Em que hora do dia você sente que trabalha melhor? Você tem algum ritual de preparação para a escrita?
Faço o possível para concentrar todas as minhas atividades criativas no período da manhã, quando me sinto mais disposta e concentrada. Deixo as tardes para as tarefas mais operacionais, como fazer revisões, preparar aulas ou atualizar o blog; e as noites para cursos, palestras, oficinas e leituras. Quanto aos rituais, acho que não tenho nada de muito interessante para contar. Toda a minha vida pessoal e profissional gira em torno da literatura, então quando começo a escrever, é como se a soma do todo já tivesse me preparado. Se eu estiver de cabelo preso e com uma xícara de café na mão, não preciso de muito mais.
Você escreve um pouco todos os dias ou em períodos concentrados?
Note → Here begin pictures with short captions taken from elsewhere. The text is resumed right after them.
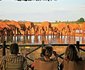 Voi Wildlife Lodge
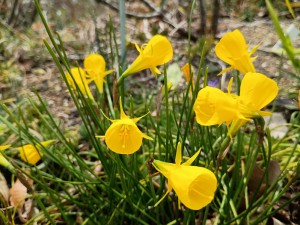 IMG_20260322_120109919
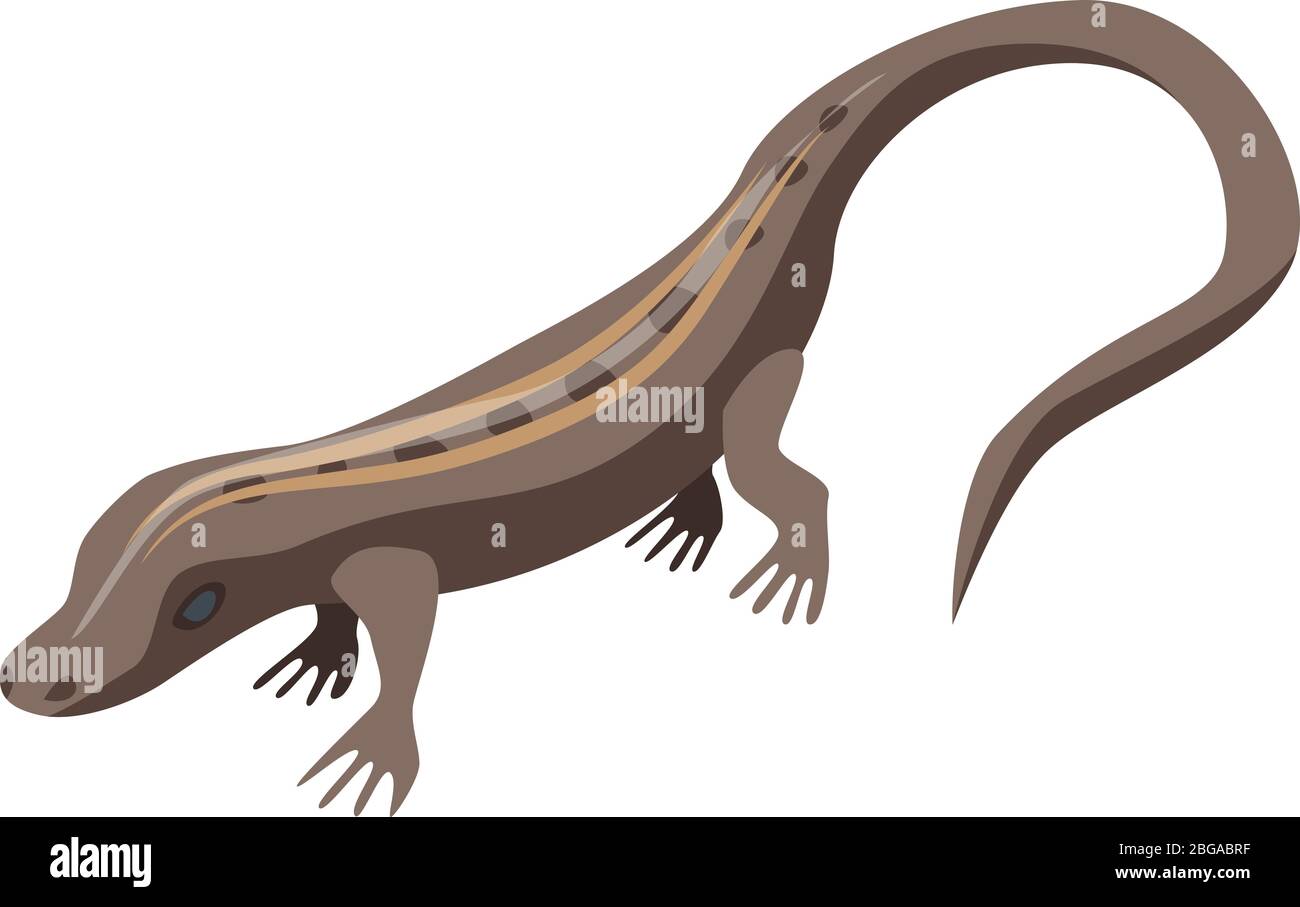 Brown lizard icon, isometric style Stock Vector
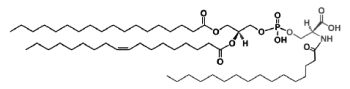 N-Acylphosphatidylserine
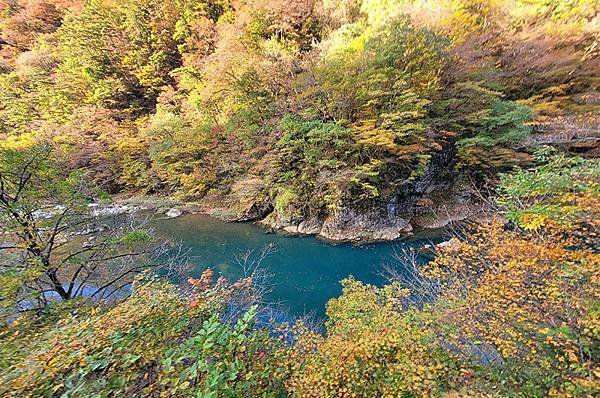 秋日紅葉季抱返溪谷健行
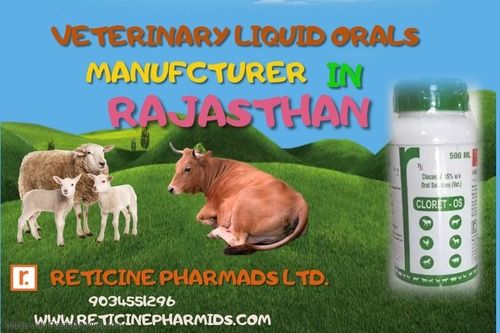 VETERINARY LIQUID ORAL MANUFACTURER IN RAJASTHAN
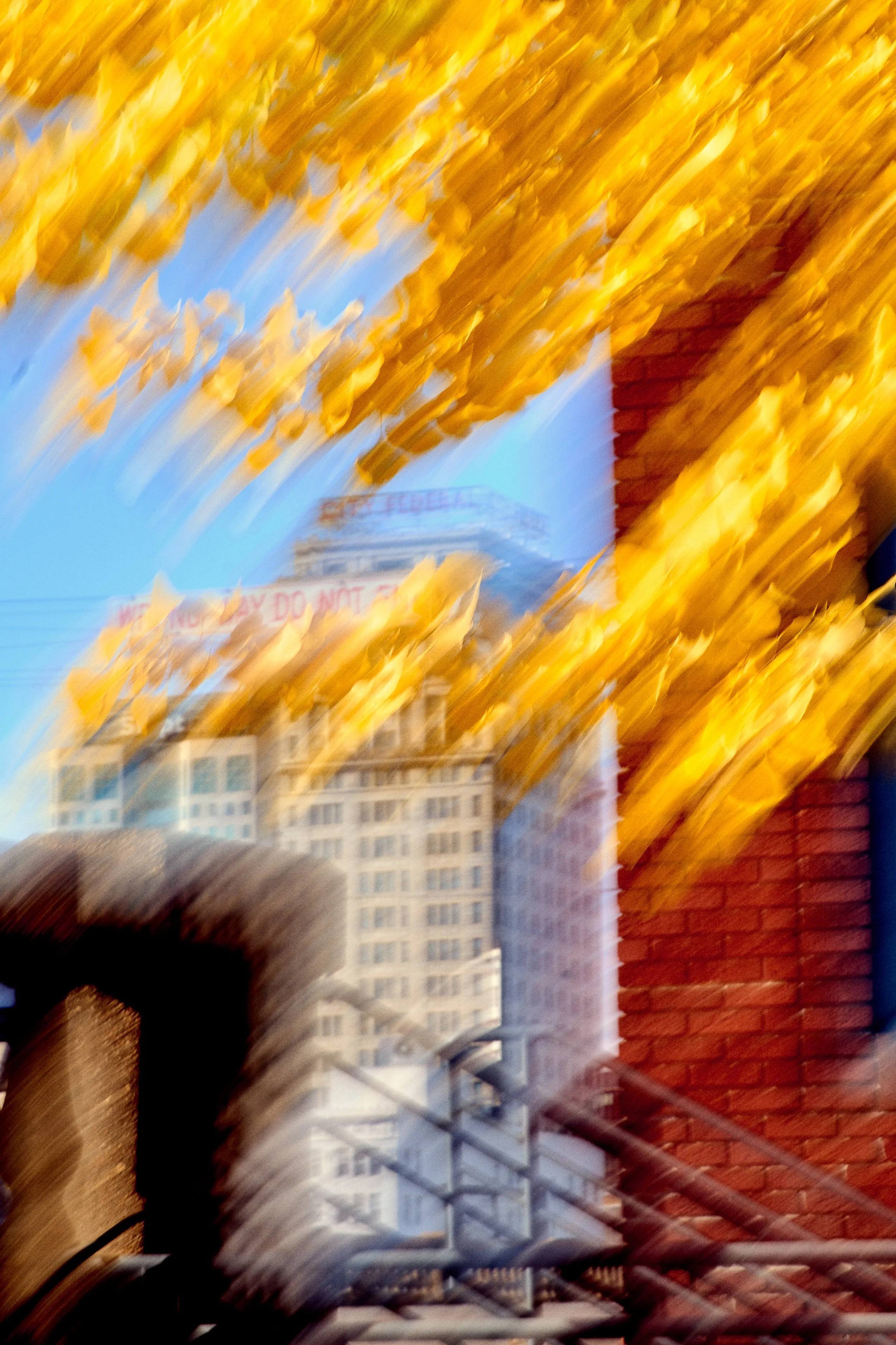 11.09.25 Fall in Birmingham-DMS_1097.jpg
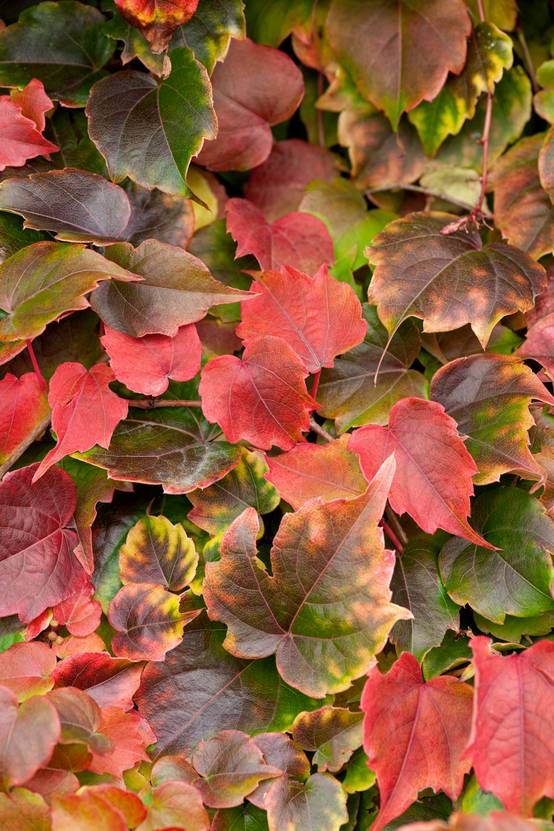 Parthenocissus tricuspidata 'Veitchii'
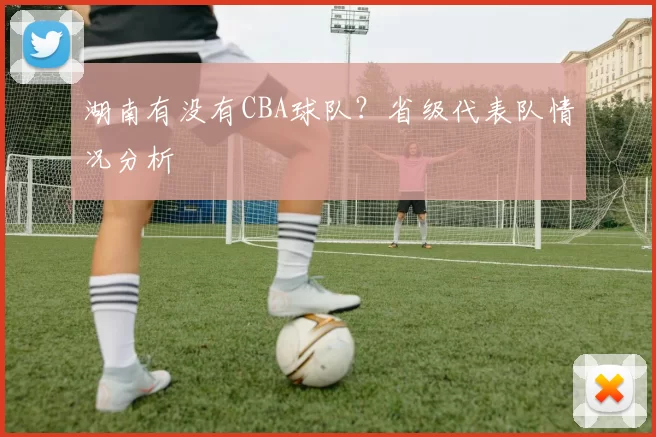 湖南有没有CBA球队？省级代表队情况分析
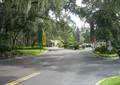 Tree-lined Entry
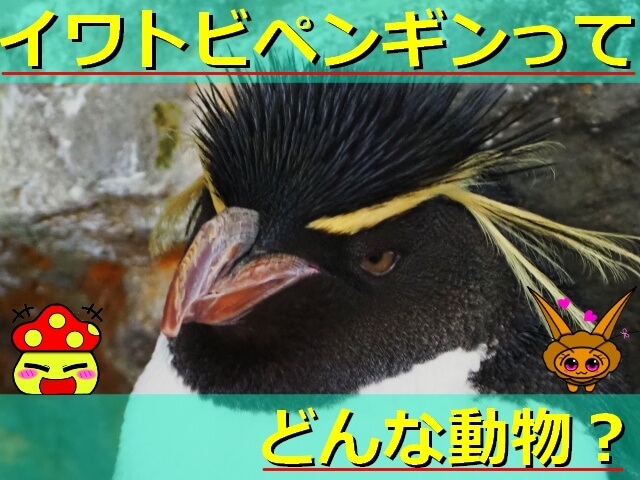 Thumbnail of post image 087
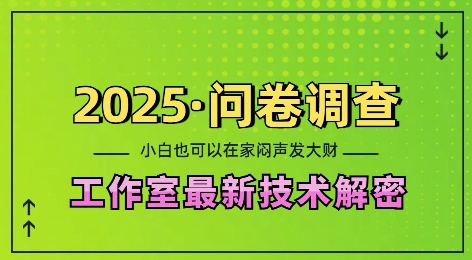 2025问卷调查最新工作室技术解密：一个人在家也可以闷声发大财，小白一天2张，可矩阵放大【揭秘】-项目资源库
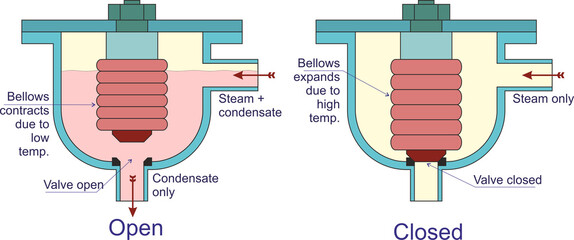 Thermostatic Steam Trap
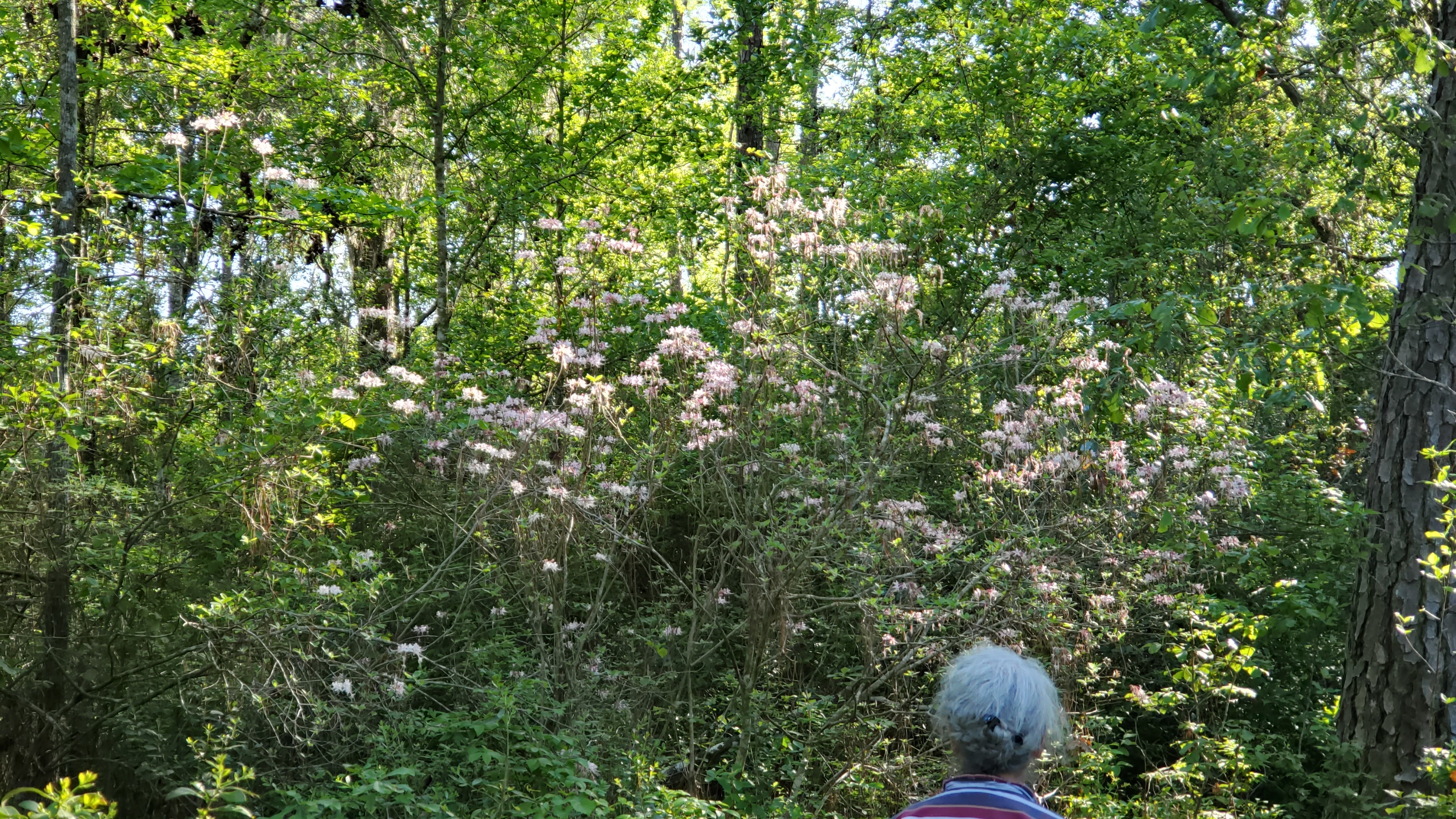 Rhododendron canescens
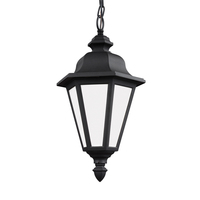  Brentwood Hanging Hanging Lantern - Black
Você tem uma meta de escrita diária?
Não trabalho com metas diárias, pois a pressão me deixa ansiosa, de modo que prefiro metas semanais ou mensais – a depender do projeto. Acho indispensável estabelecer objetivos, mas só combino comigo mesma aquilo que sou capaz de realizar, pois assim me mantenho motivada, produtiva, e evito aquelas frustrações desnecessárias que só servem para despertar pensamentos autodestrutivos. Também há períodos em que fico sobrecarregada pelo trabalho, daí preciso passar alguns dias sem escrever, mas quando essas fases acabam, tenho explosões criativas que duram um bom tempo.
Como é o seu processo de escrita? Uma vez que você compilou notas suficientes, é difícil começar? Como você se move da pesquisa para a escrita?
Depende muito daquilo que estou escrevendo. Poemas e narrativas breves, como contos e crônicas, costumam sair sem muito planejamento prévio. Apenas coloco tudo no papel, sem pensar muito, e deixo a pesquisa para a etapa da reescrita, pois assim não perco o foco. Só me interrompo se for algo rápido, então abro o navegador, resolvo o problema e dou seguimento ao trabalho. Por outro lado, quando se trata de um romance ou novela, o processo é completamente diferente. Acredito que escrever uma narrativa longa é quase como fazer um projeto arquitetônico: é preciso desenhar a planta, conhecer bem o terreno e fazer fundações sólidas antes de começar a subir as paredes, ou então tudo desaba. Faço linhas do tempo, mapas, planilhas com os dossiês dos personagens, escaletas narrativas, etc. Muita gente acredita que métodos inibem a criatividade, mas eu não penso assim. Meus documentos de pesquisa e planejamento não estão gravados na pedra, então faço alterações e adaptações constantes, à medida que vou escrevendo e a narrativa vai me pedindo coisas novas. Desse modo não me perco, não corro o risco de cair em incoerências, omitir informações importantes ou ser repetitiva. Nossa memória é muito mais traiçoeira do que acreditamos ser.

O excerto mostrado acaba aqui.